Institute for Behavioral Genetics, University of Colorado Boulder, Boulder, Colorado; Department of Psychology and NeuroscienceUniversity of Colorado Boulder, Boulder, Colorado.
Department of Psychology, University of Texas at Austin, Austin, Texas; Population Research Center, University of Texas at Austin, Austin, Texas.
Biol Psychiatry. 2023 Jan 1;93(1):29-36. doi: 10.1016/j.biopsych.2022.05.029. Epub 2022 Jun 8.

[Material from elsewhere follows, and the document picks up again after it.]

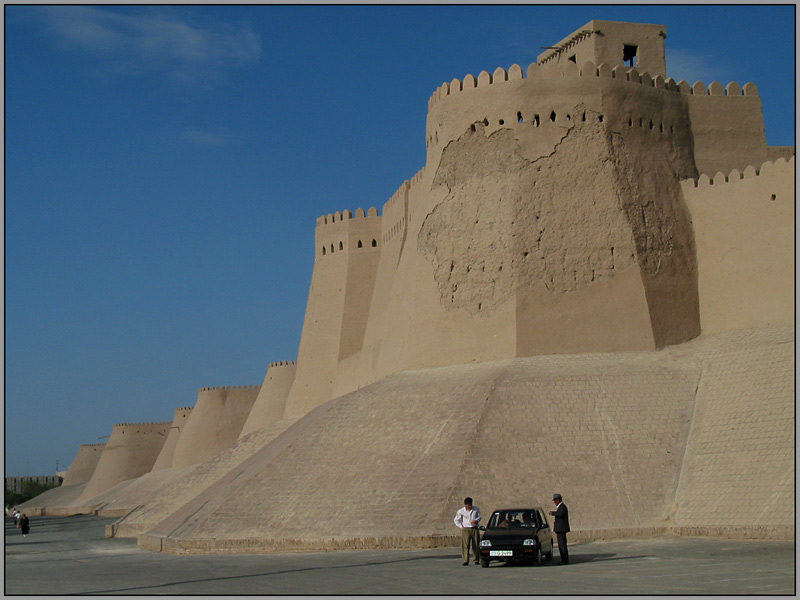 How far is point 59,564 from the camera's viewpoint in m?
18.0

Single nucleotide polymorphism-based heritability is a fundamental quantity in the genetic analysis of complex traits. For case-control phenotypes, for which the continuous distribution of risk in the population is unobserved, observed-scale heritability estimates must be transformed to the more interpretable liability scale. This article describes how the field standard approach incorrectly performs the liability correction in that it does not appropriately account for variation in the proportion of cases across the cohorts comprising the meta-analysis. We propose a simple solution that incorporates cohort-specific ascertainment using the summation of effective sample sizes across cohorts. This solution is applied at the stage of single nucleotide polymorphism-based heritability estimation and does not require generating updated meta-analytic genome-wide association study summary statistics.

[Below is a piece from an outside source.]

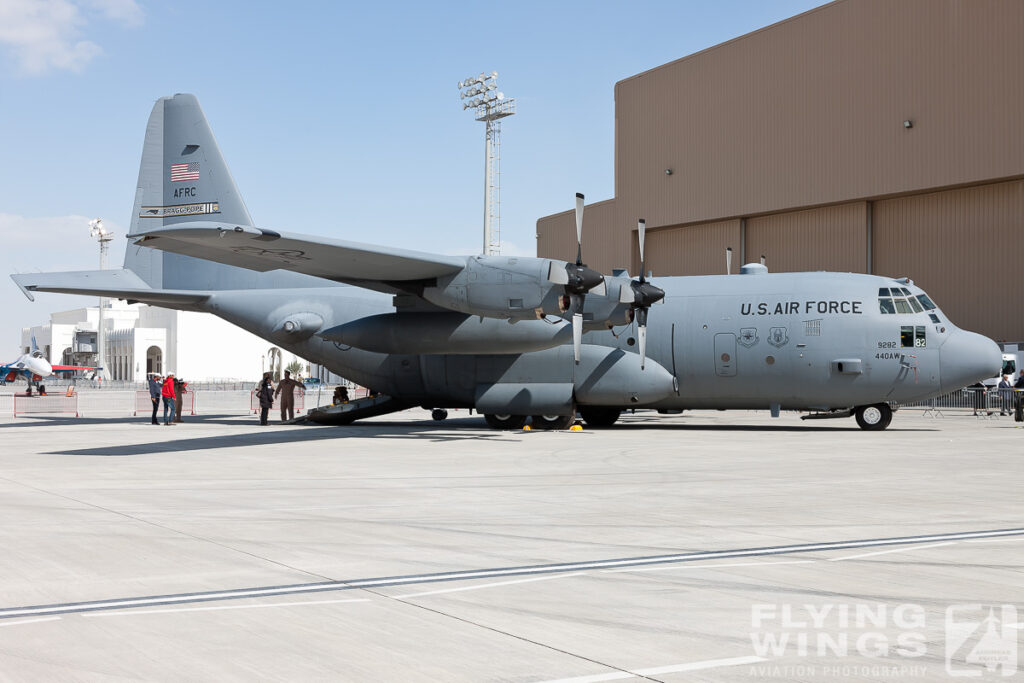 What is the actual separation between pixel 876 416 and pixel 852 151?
25.1 m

We began by performing a series of simulations to examine the ability of the standard approach and our proposed approach to recapture liability-scale heritability in the population. We went on to examine the differences in estimates obtained from these 2 approaches for real data for 12 major case-control genome-wide association studies of psychiatric and neurologic traits.
We found that the field standard approach for performing the liability conversion can downwardly bias estimates by as much as approximately 50% in simulation and approximately 30% in real data.
Prior estimates of liability-scale heritability for genome-wide association study meta-analysis may be drastically underestimated. To this end, we strongly recommend using our proposed approach of using the sum of effective sample sizes across contributing cohorts to obtain unbiased estimates.
基于单核苷酸多态性的遗传力是复杂性状遗传分析的基本数量。对于病例对照表型,由于人群中风险的连续分布无法观察到,因此必须将观察到的遗传力估计值转换为更具解释性的易感性标度。本文描述了标准方法如何在易感性校正中不正确地执行,因为它没有适当考虑构成荟萃分析的队列中病例比例的变化。我们提出了一种简单的解决方案,该方案使用跨队列的有效样本量总和来进行队列特异性确定。该解决方案应用于基于单核苷酸多态性的遗传力估计阶段,不需要生成更新的全基因组关联研究汇总统计数据。
我们首先进行了一系列模拟,以检验标准方法和我们提出的方法在人群中重新捕获易感性遗传力的能力。然后,我们检查了这两种方法从 12 项主要的病例对照全基因组关联研究的精神和神经性状的真实数据中获得的估计值之间的差异。
我们发现,标准的易感性转换方法在模拟中可以将估计值向下偏倚多达约 50%,在真实数据中可以偏倚约 30%。
先前针对全基因组关联研究荟萃分析的易感性遗传力的估计可能被大大低估了。为此,我们强烈建议使用我们提出的方法,即使用跨贡献队列的有效样本量总和来获得无偏估计值。